Pity the poor immigrant. However long he has lived in his adopted home, whatever his good qualities, he will never be French.

They repelled–the Jews among them principally, the unassimilated Jews, that is to say, for with the other kind we are not concerned–those who could not endure any oddity or eccentricity of appearance (as Bloch repelled Albertine). Generally speaking, one realised afterwards that , if it could be held against them that their hair was too long, their noses and eyes were too big, their gestures abrupt and theatrical, it was puerile to judge them by this, that they had plenty of wit and good-heartedness, and were men to whom, in the long run, one could become closely attached. (III,559)

But in Saint-Loup, when all was said, however the faults of his parents had combined to create a new blend of qualities, there reigned the most charming openness of mind and heart. And whenever (it must be allowed to the undying glory of France) these qualities are found in a man who is purely French, whether he belongs to the aristocracy or the people, they flower–flourish would be too strong a word, for moderation persists in this field, as well as restriction–with a grace which the foreigner, however estimable he may be,does not present to us. Of these intellectual and moral qualities others undoubtedly have their share, and, if we have first to overcome what repels us and what makes us smile, they remain no less precious. But it is all the same a pleasant thing, and one which is perhaps exclusively French, that what is fine in all equity of judgment, what is admirable to the mind and the heart, should be first of all attractive to the eyes, pleasingly coloured, consummately chiselled, should express as well in substance as in form an inner perfection. I looked at Saint-Loup….the curves of the nostrils are as delicate and as perfectly designed as the wings of the little butterflies that hover over the field-flowers round Combray….(III,560) 

Yet we have learned that certain personal traits can mar even this near-perfect visage. Saint-Loup tells Marcel that he informed Bloch that Marcel “didn’t like him all that much.”

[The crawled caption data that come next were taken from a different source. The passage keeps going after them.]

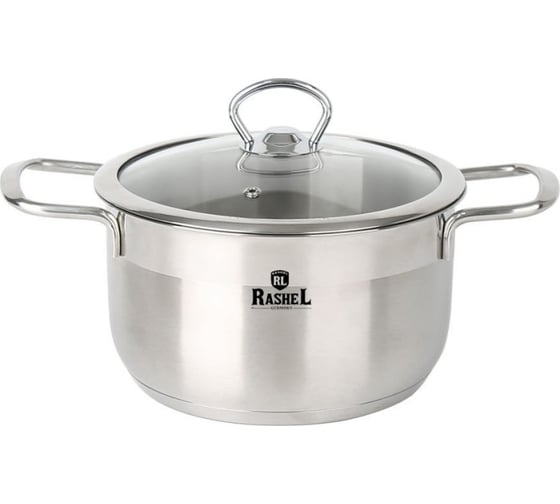 Кастрюля RASHEL 4 л, из нержавеющей стали, со стеклянной крышкой, 22x11 см R-40 1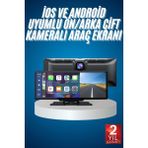 Sepetim 4K Ultra Araç Içi Ön ve Arka Kameralı Ekran Hd 2 Kameralı Torpido Üstü Araç Multimedya - Renkli
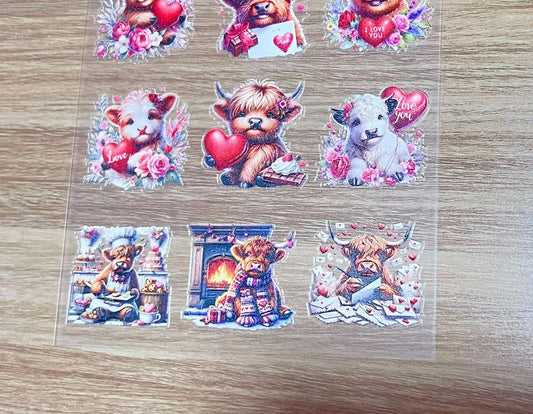 E-19 Valentine highland cow 3D embossed sticker 1 piece(148*210cm)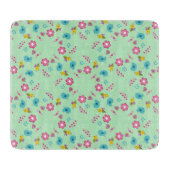蜂、鳥、花の緑のパターン カッティングボード (正面)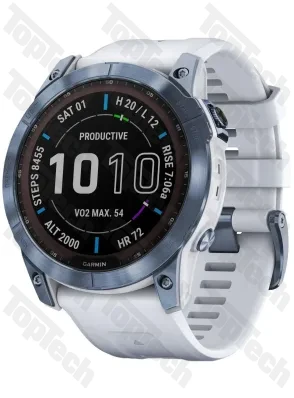 Garmin Fenix 7X Sapphire Solar Mineral Blue DLC Titanium / Whitestone Band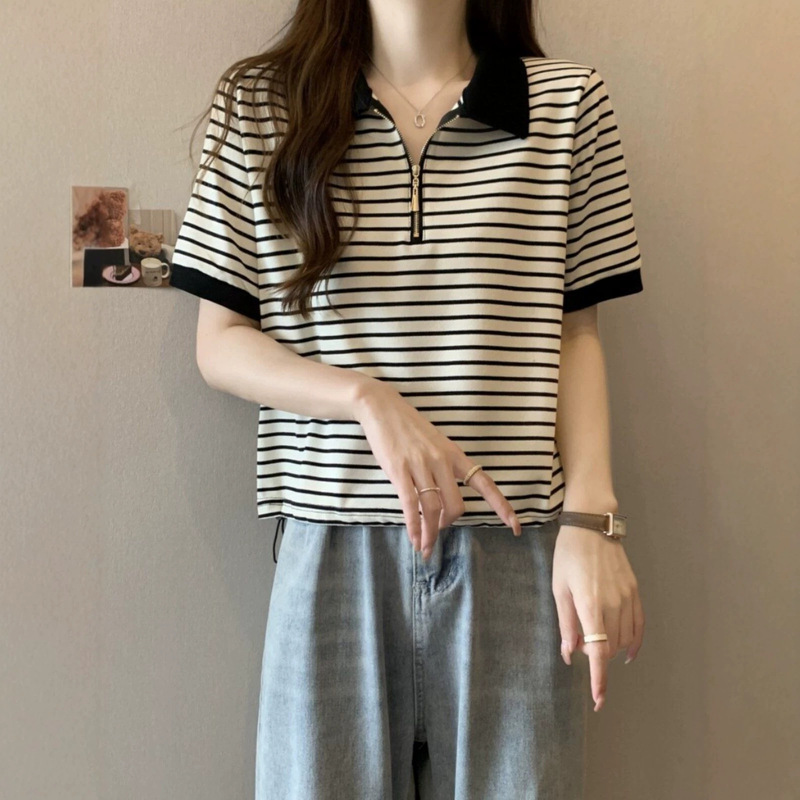 Plus-Size Polo Collar Striped Short-Sleeve T-Shirt for Women, Summer Design with Drawstring, Tummy-Concealing, Stylish Short Top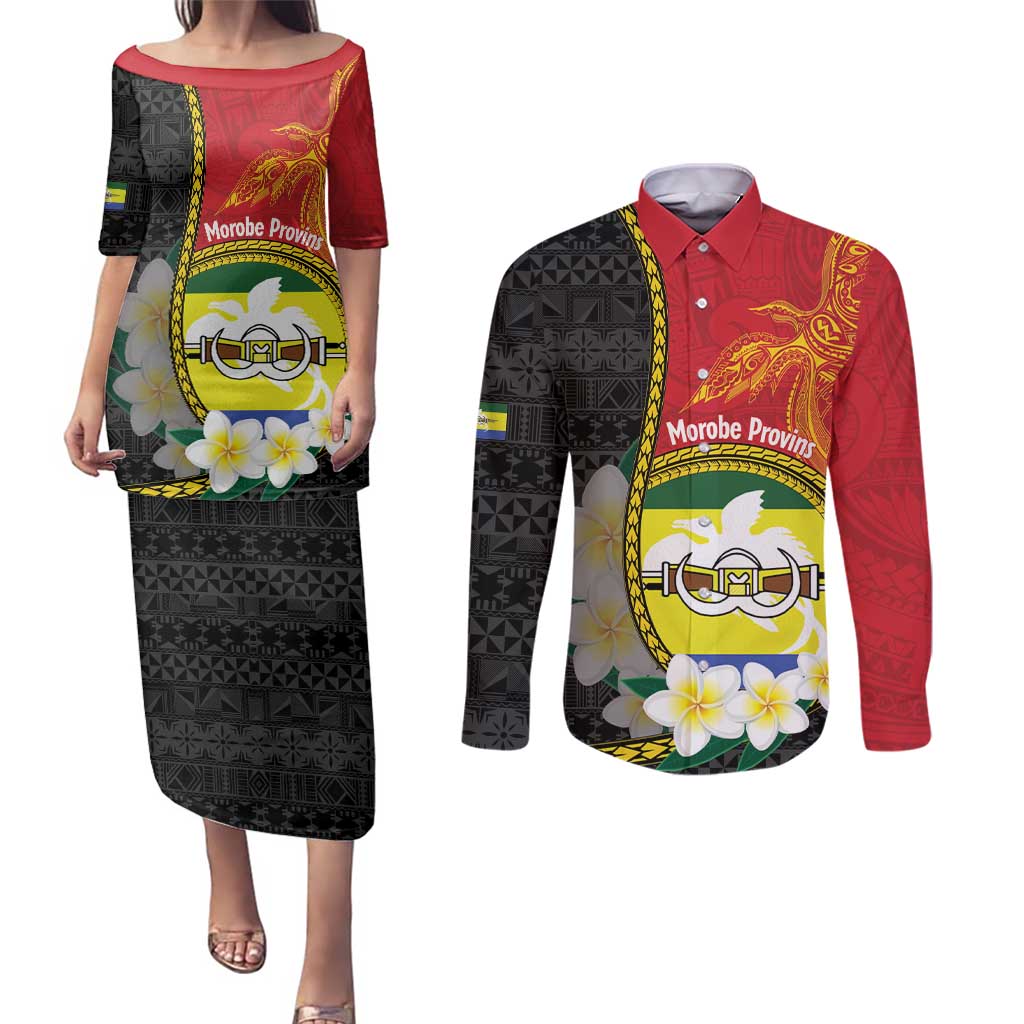 Personalised PNG Morobe Provins Couples Matching Puletasi and Long Sleeve Button Shirt Papua New Guinea Plumeria Melanesian Pattern - Polynesian Pride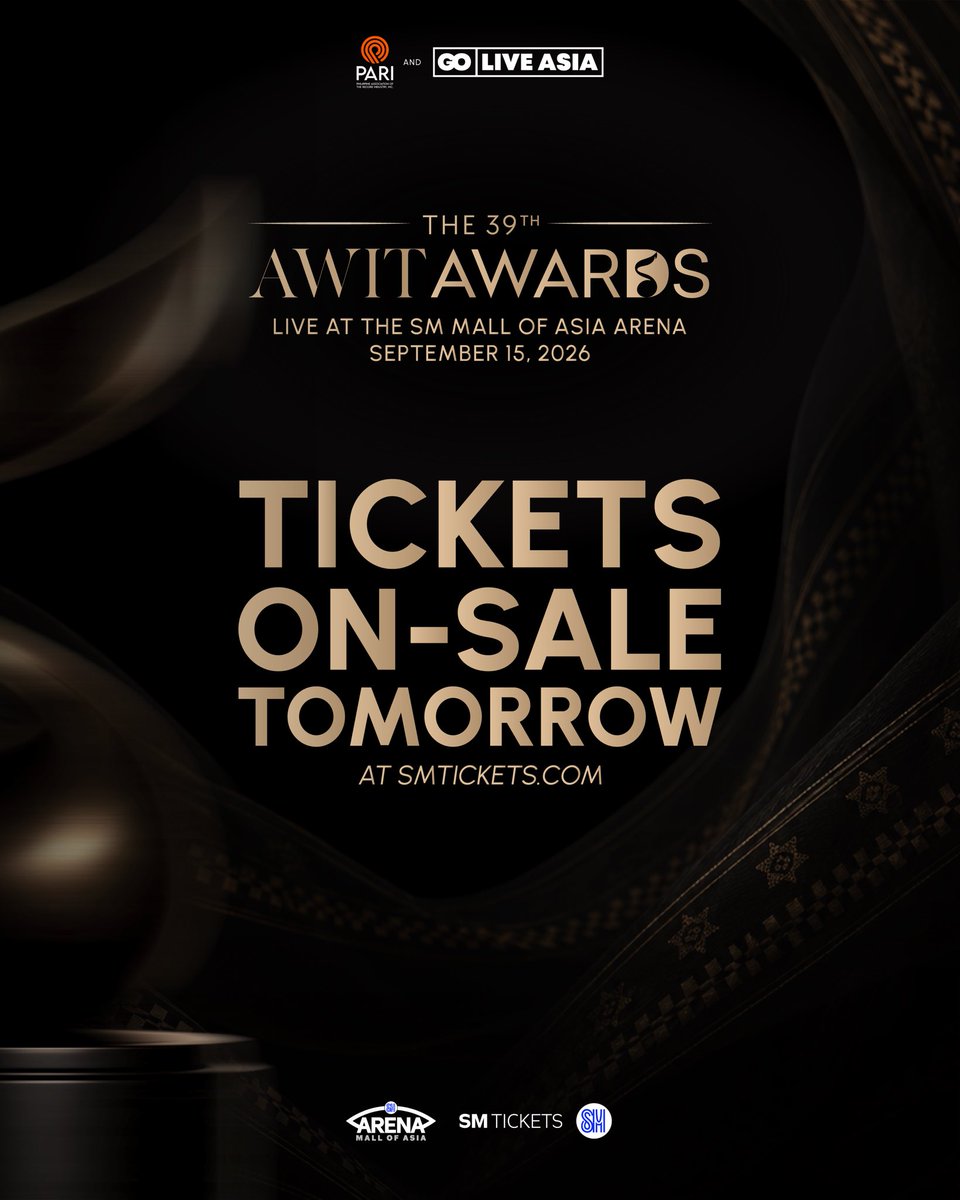 AwitAwards's tweet photo. Tickets officially go on sale tomorrow, August 12 at 3 PM via SM Tickets online and select SM Tickets outlets nationwide.

Be there as Filipino music’s biggest names, this year’s nominees, and the people behind the music come together for a night celebrating the best of OPM.

1/3 https://t.co/mj75MjMSyL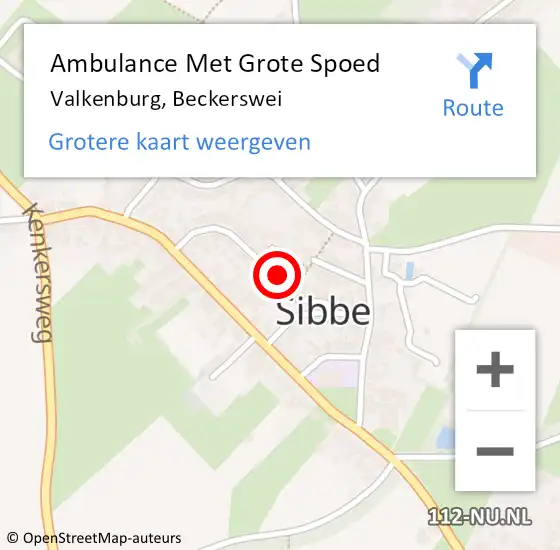 Locatie op kaart van de 112 melding: Ambulance Met Grote Spoed Naar Valkenburg, Beckerswei op 21 januari 2015 03:29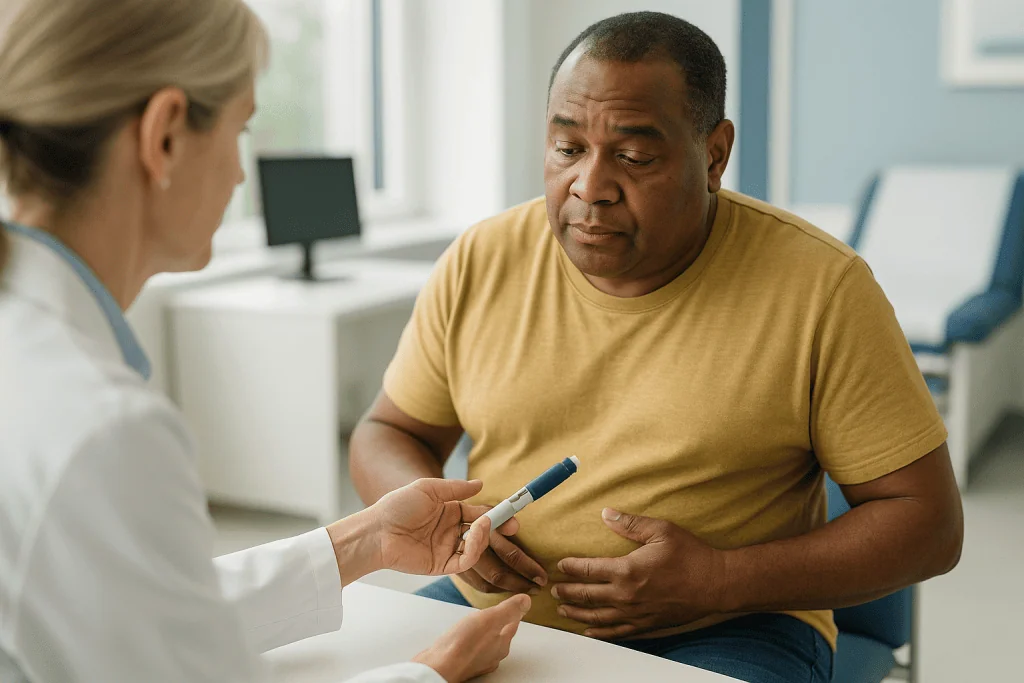 Healthcare provider discussing medical pen with patient: How GLP-1 medicines work in a body with prediabetes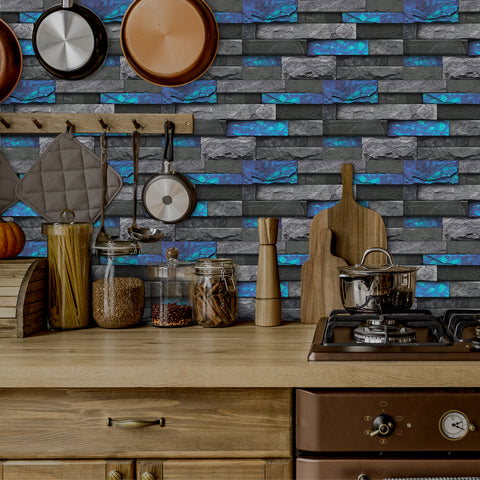 Blue and Black Stone Texture Nature Wallpaper Rustic Tiles Stickers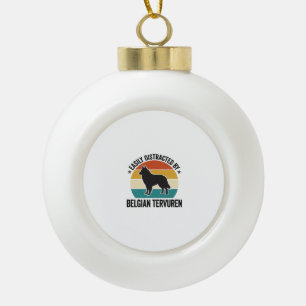 Belgian Tervuren Vintage Dog Lover Shirt Design_1 Ceramic Ball Christmas Ornament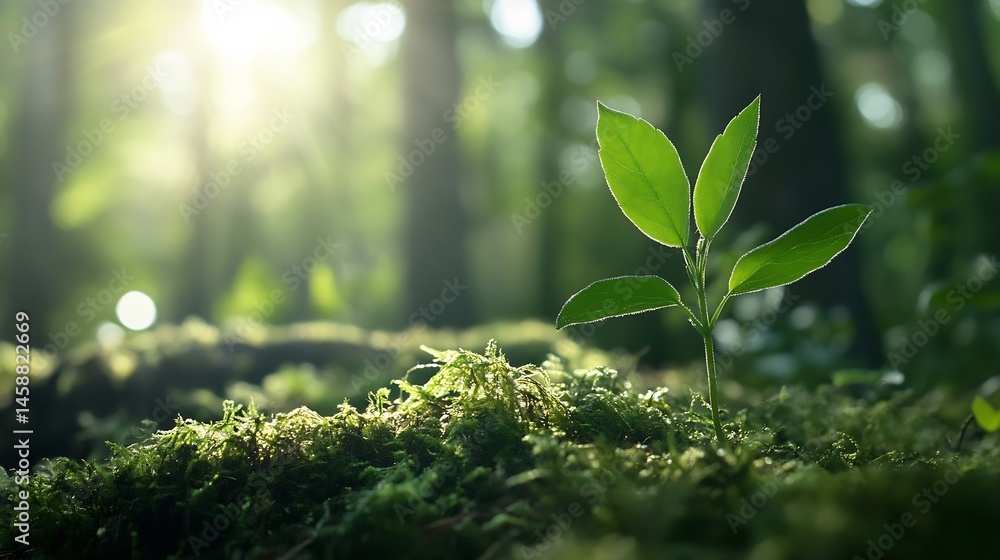 Aufkleber A young sprout emerges from the mossy forest floor, bathed in the soft sunlight filtering through the trees.  New life thrives in the tranquil woodland setting. : Generative AI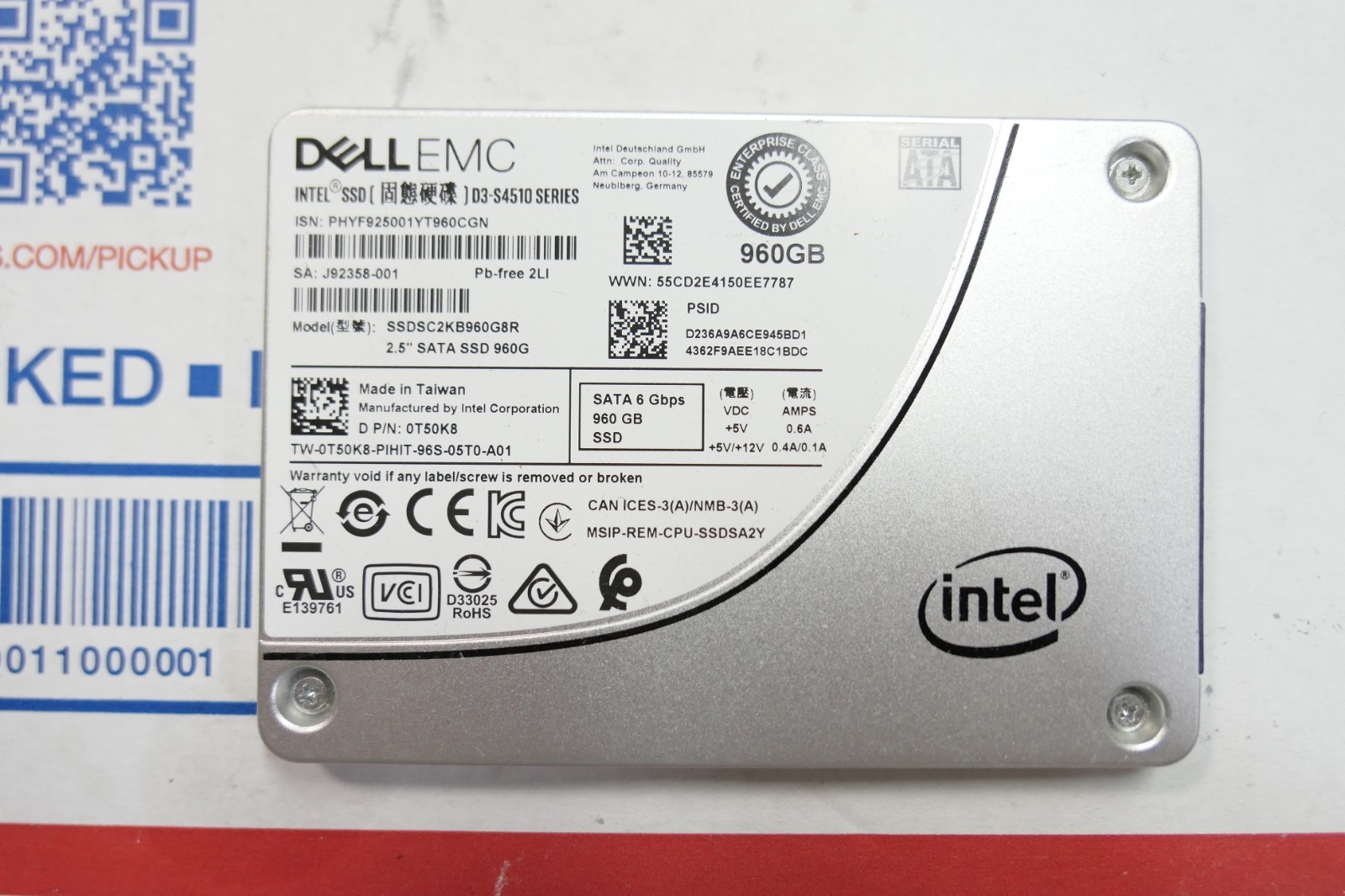 Dell EMC 0T50K8 Intel D3-S4510 960GB SATA 2.5" Enterprise SSD 100% HEALTH # 4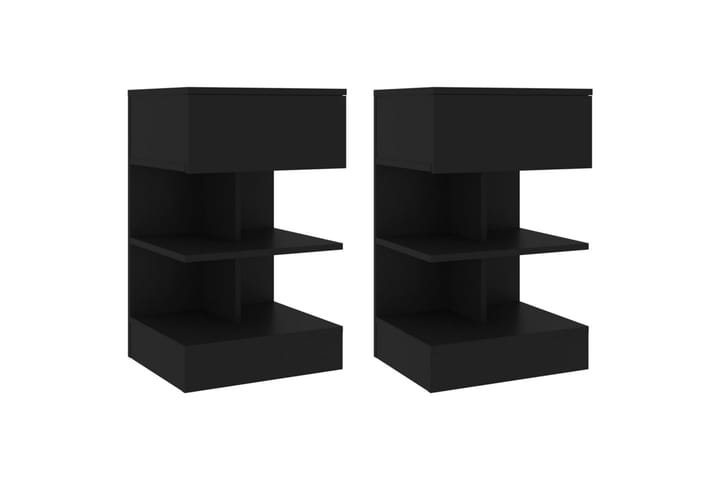 Yöpöydät 2 kpl musta 40x35x65 cm - Musta - Yöpöytä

Whatever it was, his face was seared, while he uttered these vulgar words, by a frightful sinuosity which I saw on it once or twice only in all the time I knew him, and which, beginning by runing more or less down the middle of his face, when it came to his lips twisted them, gave them a hideous expression of baseness, almost of bestiality, quite transitory and no doubt inherited. (III,547)

Is there something we don’t know about Robert?

But the Prince de Foix, who was himself rich, belonged not only to this fashionable set of fifteen or so young men, but to a more exclusive and inseparable group of four, which included Saint-Loup. These were never asked anywhere separately, they were known as the four gigolos, they were always to be seen riding together, and in country houses their hostesses gave them communicating bedrooms, with the result that, especially as they were all four extremely good-looking, rumours were current as to the extent of their intimacy. (III,55)

Little wonder that Gide complained that Proust, for all his giving prominence to homosexuals in his novel, never portrayed their experience in a positive light. (Give me a moment and I will find examples of heterosexuals portrayed positively.)